From clip space to Normalized Device Coordinate

Hello I was going through the OpenGL Red Book (Chapter 5: Viewing Transformations, Clipping and Feedback). It has been mentioned that homogeneous clip coordinates (x, y, z, w) are divided by ‘w’ such that it leaves visible points between -1 to +1. From my understanding it is working like fitting an object into a canonical bounding box, where ‘w’ is a scale factor. Is ‘w’ found out as follows:

•Step 1: calculate the center (center[0], center[1], center[2])
•Step 2: Find the bounding box coordinates ( Xmin, Xmax, Ymin, Ymax, Zmin, Zmax)
•Step 3: Find ‘w’ = scale/2 where scale = max( Xmax – Xmin, Ymax – Ymin, Zmax – Zmin)
•Step 4: Apply the following transformation to all vertices: (x –center[0])/w, (y –center[1])/w, (z –center[2])/ w

Please let me know whether my calculation of ‘w’ is right.
Thanks in advance

“w” isn’t found, it’s determined by the application.

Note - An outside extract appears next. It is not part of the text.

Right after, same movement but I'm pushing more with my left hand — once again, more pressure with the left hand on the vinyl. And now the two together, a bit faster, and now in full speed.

If you use e.g. glVertex4f(), or glVertexPointer() or glVertexAttribPointer() with a size of 4, the w component is part of the position passed to OpenGL from the application. If you supply 3 or fewer components, then the w component is set to 1.

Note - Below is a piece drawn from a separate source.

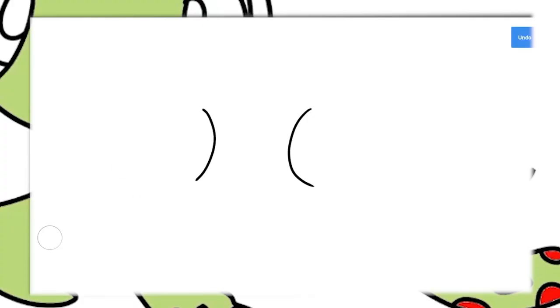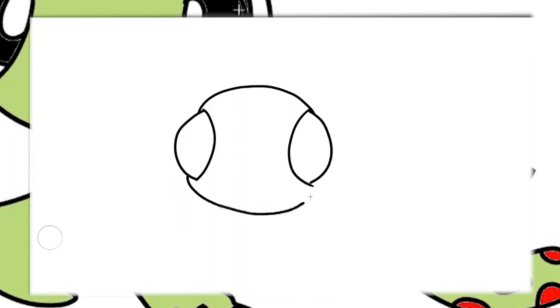Today, we're diving into the art of digital painting, and we're starting with the outlines. Just like an artist's sketch, outlines help us define Squirt's adorable shape.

Transforming a 4-vector by a 4x4 matrix uses the w component from the input vector and determines the w component of the output vector. Most transformations leave the w component alone, but a perspective projection produces a vector whose w component is proportional to the z component of the input.

As the conversion from clip coordinates to normalised device coordinates divides by w, setting w proportional to z makes the resulting coordinates inversely proportional to z (i.e. objects appear smaller as they get farther from the viewpoint).

Clipping is performed in clip coordinates, before division by w. Primitives are clipped to the volume defined by -w<x<w, -w<y<w, -w<z<w. In homogeneous coordinates, the clip volume is a hyper-pyramid with its apex at (0,0,0,0) and whose base is the cube with vertices (±1,±1,±1,1). Projecting this volume to Euclidean space gives a unit cube, but clipping is done using homogeneous coordinates (this is required so that other attributes such as texture coordinates, colours, etc are interpolated correctly).

Thanks for your reply. But I’m still a bit unclear. As I understand,converting from (Xclip, Yclip, Zclip) to (Xndc, Yndc, Zndc) requires some scaling factor ‘w’. I don’t understand apart from the way about fitting an object into a canonical box (as I wrote above), is there any other way scale factor ‘w’ can be determined.

Please let me know.

[QUOTE=Lee_Jennifer_82;1279675]Thanks for your reply. But I’m still a bit unclear. As I understand,converting from (Xclip, Yclip, Zclip) to (Xndc, Yndc, Zndc) requires some scaling factor ‘w’.
You can’t convert from (Xclip, Yclip, Zclip) to (Xndc, Yndc, Zndc). Clip space is 4-dimensional; you convert from (Xclip, Yclip, Zclip, Wclip) to (Xndc, Yndc, Zndc) by dividing by Wclip.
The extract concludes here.